Literatur und Krisenfrüherkennung
Das „Projekt Cassandra“ ist eine Kooperation des Bundesverteidigungsministeriums und des Weltethos-Instituts zur Krisenfrüherkennung und Gewaltprävention. Das Studienteam um Prof. Dr. Jürgen Wertheimer forscht seit 2017 daran, literarische Texte als Prognoseinstrumente im Bereich der Gewalt-Prävention nutzbar zu machen.
Verortet im Bereich der kulturellen Einflussmöglichkeiten zur strategischen Prävention von Krisen und bewaffneten Konflikten, ergänzt der Ansatz der Studie bestehende Präventionsstrategien.
Krisen erkennen durch Literatur?
Das Studienteam arbeitet an einem Prognosemodell auf der Basis der Auswertung qualitativer Daten (literarische Texte/Narrative), das in einem Zeitraum von 3 bis 5 Jahren Entwicklungen in der Latenzphase eines potenziellen Gewaltkonflikts aufzeigen soll. Dazu prüft das Studienteam anhand von Modellanalysen text- und umfeldbasierte Indikatoren wie beispielsweise Themenschwerpunkte, Zensur, Textformen und Rezeptionsmuster/Rezeptionsintensität/Rezeptionsradius auf die Prognoseleistung in Bezug auf die Konfliktintensität. Ziel ist die Entwicklung von Indikatoren, das Aufzeigen von leicht übersehbaren Signalen wie Schlüsselthemen, emotionalen Dynamiken und Trends („weak signals“) und potenziellen (Gewalt-)Dynamiken in einer „Conflict and Emotion Map“ sowie die Formulierung konkreter Maßnahmen in verschiedenen Phasen des Konflikts (z.B. Gegennarrative).
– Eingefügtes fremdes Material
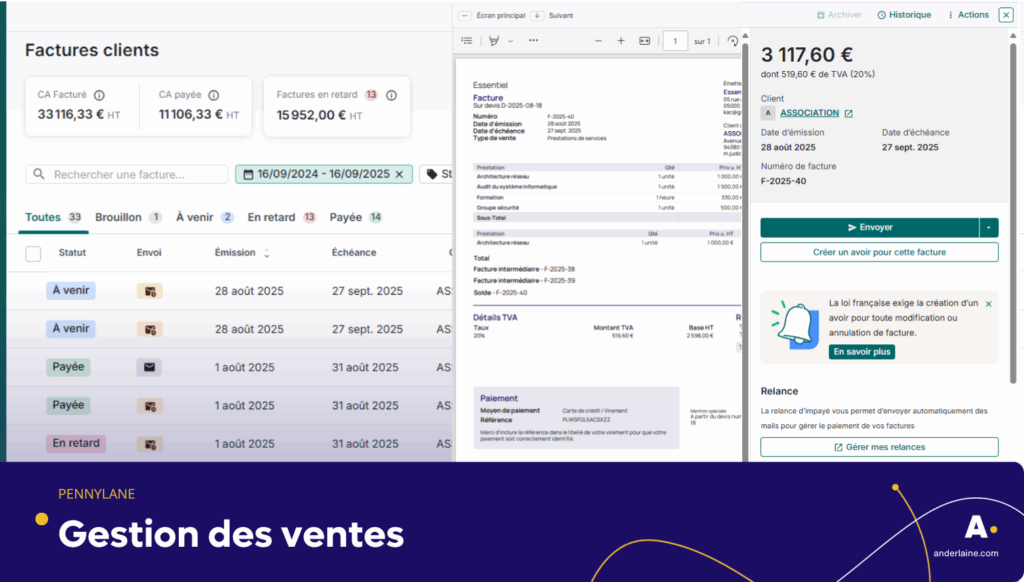 Pennylane - Gestion des ventes et de la facturation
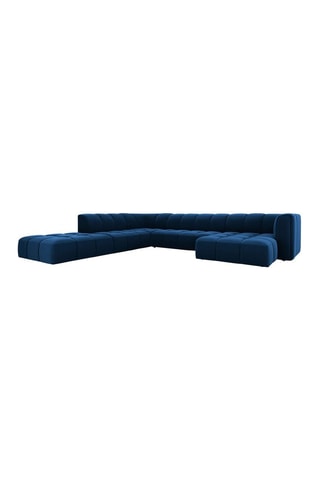 Canapé panoramique modulable Adams - Bleu roi - 7 places - Toucher velours
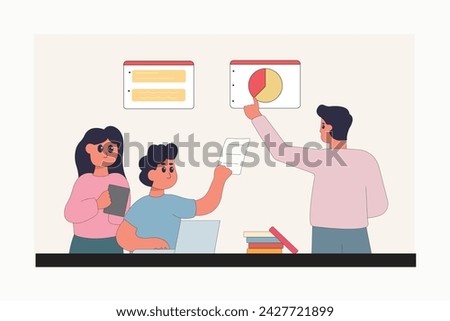 character business teamwork simple concept poin planning analytics vector illustration people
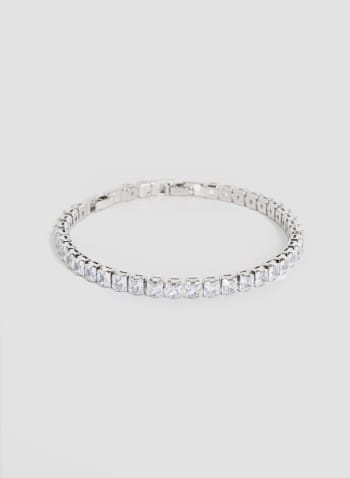 Square Crystal Bracelet, Silver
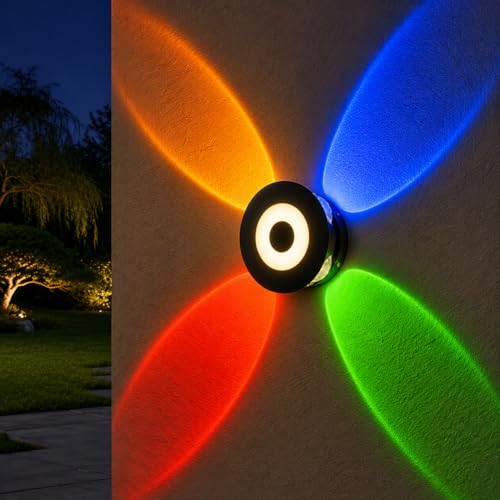 Image of FERA Waterproof Up Down Led Wall Lamp, Aluminium IP65 Body 4+1 Ray, Multycolor, Indoor /Outdoor Decorative Wall Sconce Light, (HaloBeam 4 Way Multi)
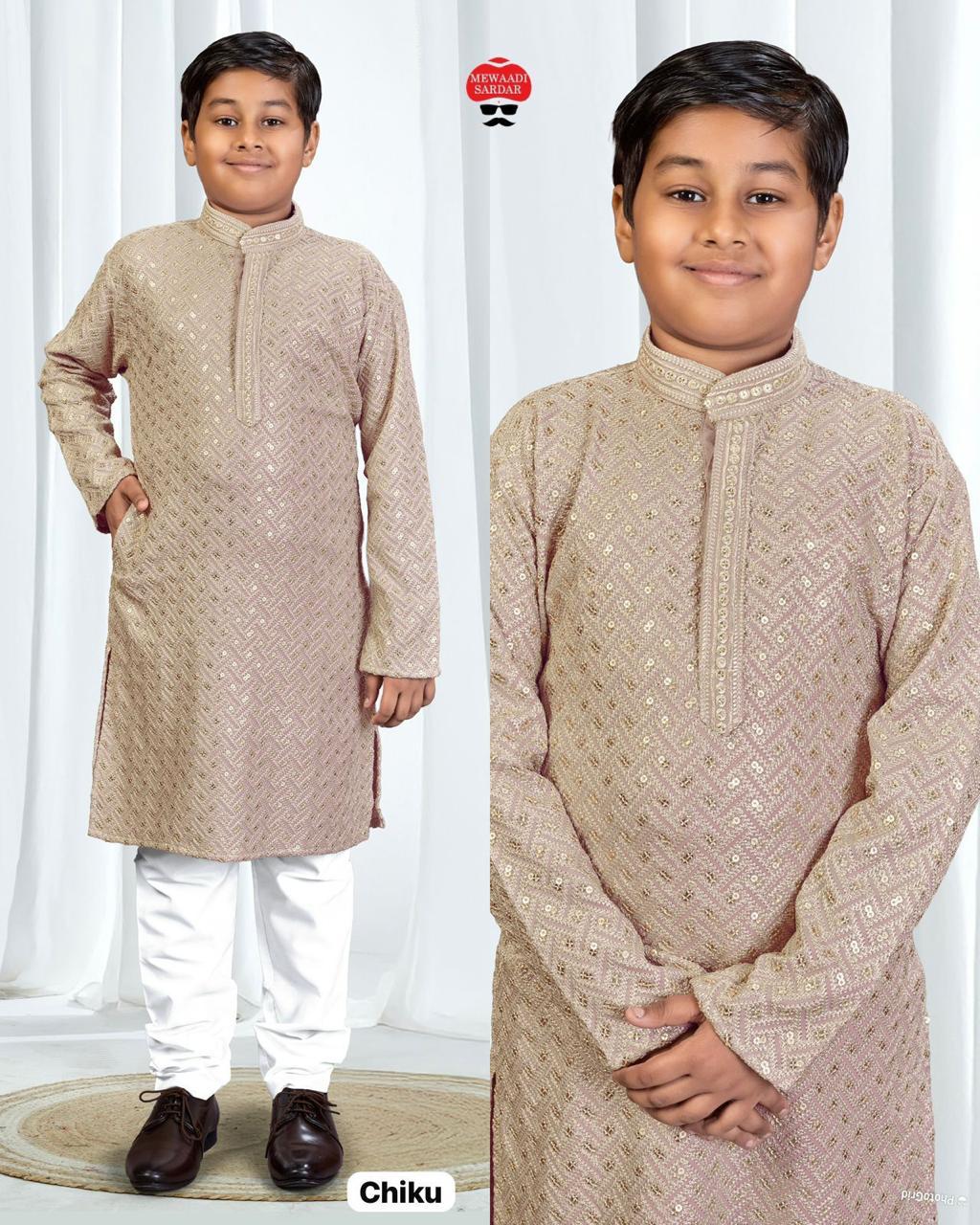 Boys Rayon Embroidered Kurta Pajama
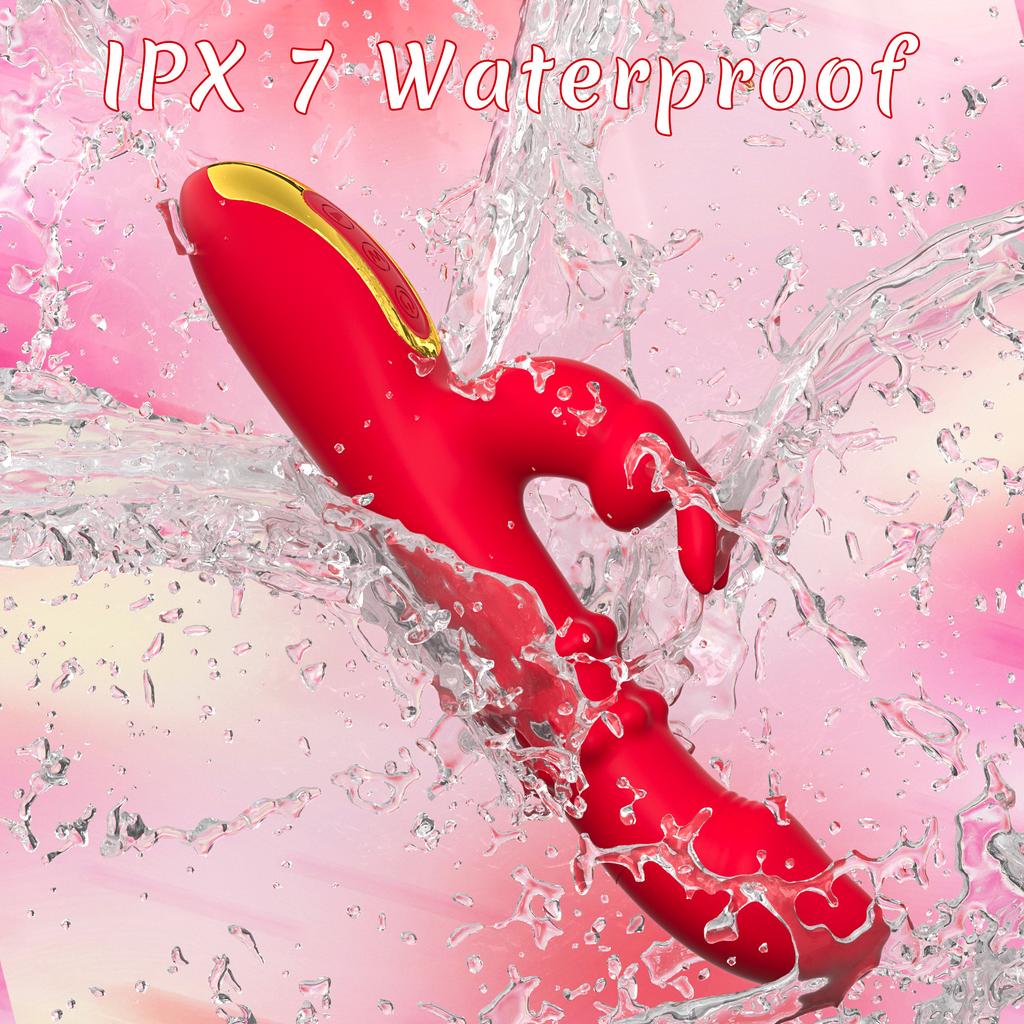 Thrusting Rotating Rabbit Dildo Vibrator Telescopic Vibration G Spot Clitoris Stimulator Female Masturbation Sex Toys for Women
Bisherige Modellanalysen der Studie waren der Kosovo-Serbien-Konflikt (1970-1999), der Konflikt um die islamistische Gruppierung Boko Haram in Nigeria (2009-2019), der Biafra-Konflikt in Südostnigeria (2009-2019) und die Textanalyse Algeriens im Vorfeld und Kontext der Wahlkrise 2019. Aktuell arbeitet das Studienteam an der Analyse des Kosovos, der Kaukasusregion und der Sahelzone.